» PROVIDED MATERIAL
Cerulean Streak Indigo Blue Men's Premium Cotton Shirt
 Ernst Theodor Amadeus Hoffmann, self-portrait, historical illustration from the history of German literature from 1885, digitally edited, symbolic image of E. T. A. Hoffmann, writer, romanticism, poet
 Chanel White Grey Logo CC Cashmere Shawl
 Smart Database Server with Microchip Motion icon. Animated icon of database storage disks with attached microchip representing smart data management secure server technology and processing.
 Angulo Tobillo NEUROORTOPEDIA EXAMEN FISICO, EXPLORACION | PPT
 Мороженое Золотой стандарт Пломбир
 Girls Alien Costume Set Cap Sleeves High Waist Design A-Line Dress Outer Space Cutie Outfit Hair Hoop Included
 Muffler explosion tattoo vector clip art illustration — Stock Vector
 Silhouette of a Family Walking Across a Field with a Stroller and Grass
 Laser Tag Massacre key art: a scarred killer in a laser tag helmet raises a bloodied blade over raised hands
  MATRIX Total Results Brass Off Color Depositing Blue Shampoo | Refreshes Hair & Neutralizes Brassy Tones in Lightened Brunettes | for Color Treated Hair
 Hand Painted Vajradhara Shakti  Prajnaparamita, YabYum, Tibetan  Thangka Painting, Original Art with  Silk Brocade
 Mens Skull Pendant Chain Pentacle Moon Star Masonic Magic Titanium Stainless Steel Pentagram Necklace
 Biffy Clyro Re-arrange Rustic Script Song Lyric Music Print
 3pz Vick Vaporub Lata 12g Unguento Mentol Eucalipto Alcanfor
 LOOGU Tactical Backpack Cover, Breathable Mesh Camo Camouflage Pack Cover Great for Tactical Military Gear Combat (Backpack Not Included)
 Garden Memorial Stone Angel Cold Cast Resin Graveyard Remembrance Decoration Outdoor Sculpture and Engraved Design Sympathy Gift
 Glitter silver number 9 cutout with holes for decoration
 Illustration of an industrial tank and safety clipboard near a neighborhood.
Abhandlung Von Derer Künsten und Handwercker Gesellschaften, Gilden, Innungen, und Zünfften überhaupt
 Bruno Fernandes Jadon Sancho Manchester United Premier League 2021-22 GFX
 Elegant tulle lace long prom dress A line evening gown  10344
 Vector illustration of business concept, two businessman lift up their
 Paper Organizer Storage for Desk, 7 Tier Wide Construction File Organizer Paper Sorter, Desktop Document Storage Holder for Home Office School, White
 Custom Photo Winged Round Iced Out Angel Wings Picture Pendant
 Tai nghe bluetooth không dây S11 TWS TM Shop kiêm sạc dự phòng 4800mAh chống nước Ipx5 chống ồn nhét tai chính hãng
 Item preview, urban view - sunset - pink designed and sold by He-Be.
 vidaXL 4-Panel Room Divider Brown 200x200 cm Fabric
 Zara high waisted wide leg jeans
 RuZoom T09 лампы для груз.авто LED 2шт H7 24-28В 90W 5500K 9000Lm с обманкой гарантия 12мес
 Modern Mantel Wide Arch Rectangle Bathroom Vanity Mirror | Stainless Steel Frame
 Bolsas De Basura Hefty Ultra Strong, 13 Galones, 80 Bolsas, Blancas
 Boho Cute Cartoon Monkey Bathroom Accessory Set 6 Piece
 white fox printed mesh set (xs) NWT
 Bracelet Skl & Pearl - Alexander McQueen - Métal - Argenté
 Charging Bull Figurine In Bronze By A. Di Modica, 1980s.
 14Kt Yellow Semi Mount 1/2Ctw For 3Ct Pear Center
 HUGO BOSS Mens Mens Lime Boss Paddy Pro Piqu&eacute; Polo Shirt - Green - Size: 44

» INSTRUCTIONS TO FOLLOW
The response should reproduce every entry above exactly.

» ANSWER TO THE EXERCISE
Cerulean Streak Indigo Blue Men's Premium Cotton Shirt
 Ernst Theodor Amadeus Hoffmann, self-portrait, historical illustration from the history of German literature from 1885, digitally edited, symbolic image of E. T. A. Hoffmann, writer, romanticism, poet
 Chanel White Grey Logo CC Cashmere Shawl
 Smart Database Server with Microchip Motion icon. Animated icon of database storage disks with attached microchip representing smart data management secure server technology and processing.
 Angulo Tobillo NEUROORTOPEDIA EXAMEN FISICO, EXPLORACION | PPT
 Мороженое Золотой стандарт Пломбир
 Girls Alien Costume Set Cap Sleeves High Waist Design A-Line Dress Outer Space Cutie Outfit Hair Hoop Included
 Muffler explosion tattoo vector clip art illustration — Stock Vector
 Silhouette of a Family Walking Across a Field with a Stroller and Grass
 Laser Tag Massacre key art: a scarred killer in a laser tag helmet raises a bloodied blade over raised hands
  MATRIX Total Results Brass Off Color Depositing Blue Shampoo | Refreshes Hair & Neutralizes Brassy Tones in Lightened Brunettes | for Color Treated Hair
 Hand Painted Vajradhara Shakti  Prajnaparamita, YabYum, Tibetan  Thangka Painting, Original Art with  Silk Brocade
 Mens Skull Pendant Chain Pentacle Moon Star Masonic Magic Titanium Stainless Steel Pentagram Necklace
 Biffy Clyro Re-arrange Rustic Script Song Lyric Music Print
 3pz Vick Vaporub Lata 12g Unguento Mentol Eucalipto Alcanfor
 LOOGU Tactical Backpack Cover, Breathable Mesh Camo Camouflage Pack Cover Great for Tactical Military Gear Combat (Backpack Not Included)
 Garden Memorial Stone Angel Cold Cast Resin Graveyard Remembrance Decoration Outdoor Sculpture and Engraved Design Sympathy Gift
 Glitter silver number 9 cutout with holes for decoration
 Illustration of an industrial tank and safety clipboard near a neighborhood.
Abhandlung Von Derer Künsten und Handwercker Gesellschaften, Gilden, Innungen, und Zünfften überhaupt
 Bruno Fernandes Jadon Sancho Manchester United Premier League 2021-22 GFX
 Elegant tulle lace long prom dress A line evening gown  10344
 Vector illustration of business concept, two businessman lift up their
 Paper Organizer Storage for Desk, 7 Tier Wide Construction File Organizer Paper Sorter, Desktop Document Storage Holder for Home Office School, White
 Custom Photo Winged Round Iced Out Angel Wings Picture Pendant
 Tai nghe bluetooth không dây S11 TWS TM Shop kiêm sạc dự phòng 4800mAh chống nước Ipx5 chống ồn nhét tai chính hãng
 Item preview, urban view - sunset - pink designed and sold by He-Be.
 vidaXL 4-Panel Room Divider Brown 200x200 cm Fabric
 Zara high waisted wide leg jeans
 RuZoom T09 лампы для груз.авто LED 2шт H7 24-28В 90W 5500K 9000Lm с обманкой гарантия 12мес
 Modern Mantel Wide Arch Rectangle Bathroom Vanity Mirror | Stainless Steel Frame
 Bolsas De Basura Hefty Ultra Strong, 13 Galones, 80 Bolsas, Blancas
 Boho Cute Cartoon Monkey Bathroom Accessory Set 6 Piece
 white fox printed mesh set (xs) NWT
 Bracelet Skl & Pearl - Alexander McQueen - Métal - Argenté
 Charging Bull Figurine In Bronze By A. Di Modica, 1980s.
 14Kt Yellow Semi Mount 1/2Ctw For 3Ct Pear Center
 HUGO BOSS Mens Mens Lime Boss Paddy Pro Piqu&eacute; Polo Shirt - Green - Size: 44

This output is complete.